3 Black Friends Found Dead in Mexico Airbnb; Autopsy Cites Carbon Monoxide Poisoning

3 Black Friends Found Dead in Mexico Airbnb; Autopsy Cites Carbon Monoxide Poisoning

Three American friends found dead last week at their Mexico City Airbnb, were likely killed by carbon monoxide poisoning, according to autopsy reports.

Bloomberg reported Wednesday that security guards at the complex in the La Rosita neighborhood mentioned the smell of gas to officials after the bodies of two men and one woman were discovered on Sunday, Oct. 30.

The travelers have since been identified as Virginia entrepreneur Kandace Florence, 28; Virginia educator Jordan Marshall, 28; and New Orleans teacher, Courtez Hall, 33. The trio were vacationing in Mexico‘s capital city for “Día de Los Muertos,” a Mexican holiday celebrated on November 1 and 2.

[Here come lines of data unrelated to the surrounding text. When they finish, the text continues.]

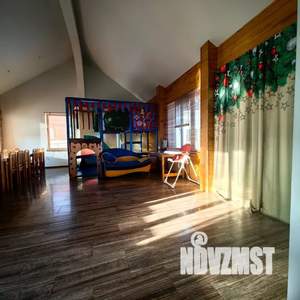 Дом 185м&sup2;, 2-этажный, посуточно, 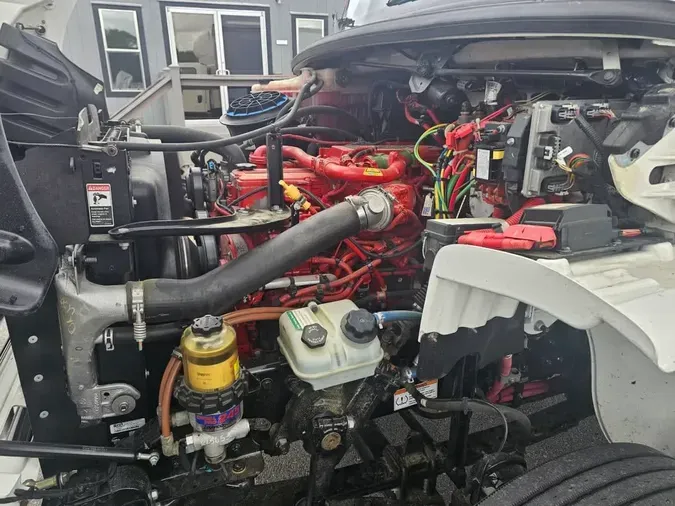 2019 FREIGHTLINER M2 106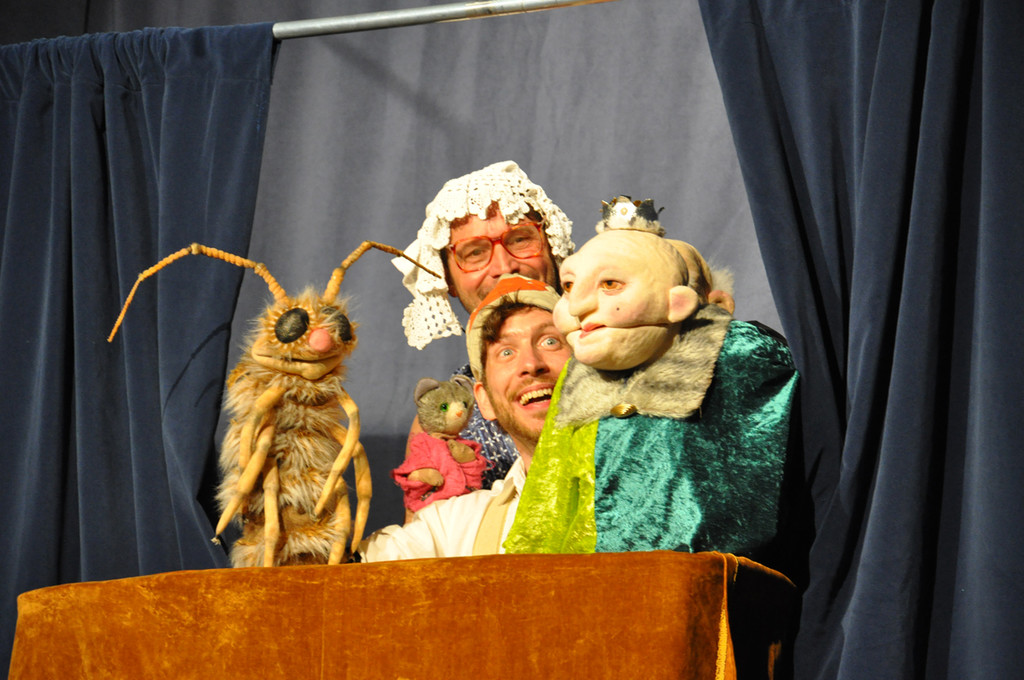 12des kaisersneuekleide_jpg-1306767904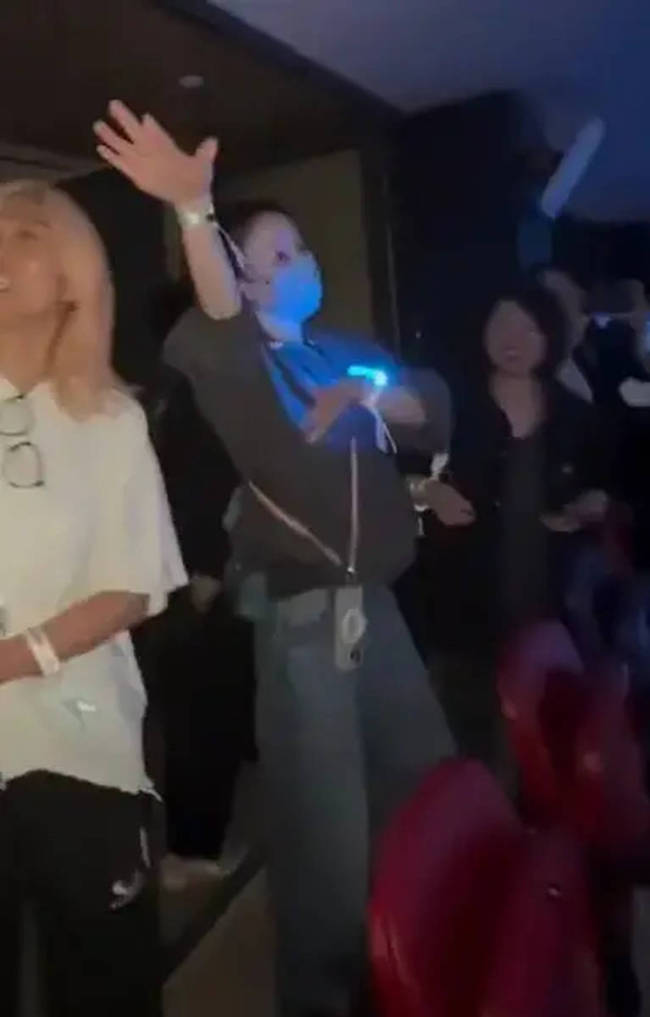 谢霆锋演唱定情曲《玉蝴蝶》 王菲在台下翩翩起舞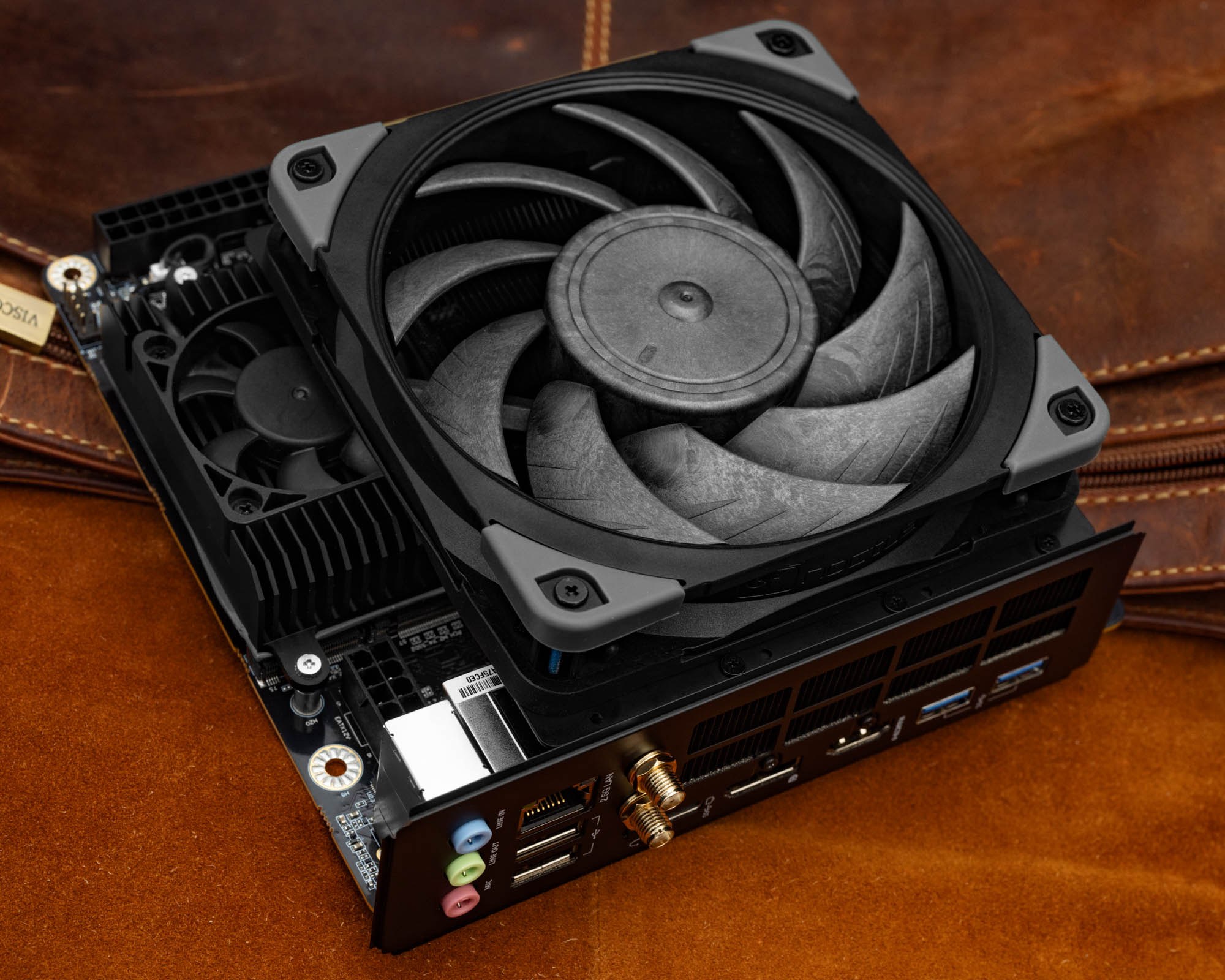 Minisforum AR900i MoDT ITX Motherboard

The autopsy reports cited carbon monoxide poisoning as the possible cause of death, per Bloomberg, though a further investigation is underway.

“We can confirm the death of three U.S. citizens in Mexico. We are closely monitoring local authorities’ investigation into the cause of death,” a statement from a spokesperson with the U.S.Department of State read, per WTKR.

On October 30, Florence told her boyfriend over the phone that she was feeling ill, Norfolk, Virginia-based news station Wavy.com reported Tuesday. She told him something was off before the were disconnected. After failed attempts to get a hold of her, Florence’s boyfriend contacted the Airbnb host to check on the three tourists. Local authorities arrived and found Florence, Marshall, and Hall dead.

Before the release of the autopsy, the travelers’ families had been in touch with the U.S. Embassy in Mexico and traveled to Mexico City. Marshall’s mother, Jennifer Marshall, said the families were not informed about how her son and his friends died, telling WTKR, “The Mexican police were not very forthcoming with information. Also, the language barrier was incredibly difficult as well.”

The Marshall family confirmed that Jennifer Marshall’s body was returned home.

Hall’s mother told New Orleans NBC affiliate WDSU that he was a social studies teacher at KIPP Memorial School in New Orleans. “It’s been so hard,” she said.

“We tried calling back over there for the funeral homes. Because of the language barrier and stuff you cannot get anything through or really understand.”

Florence’s mother described her daughter as a “dreamer” who started a candle-making business, Glo Through It, to empower others. Her family is planning to hold a candlelight vigil on Thursday, what would have been her 29th birthday.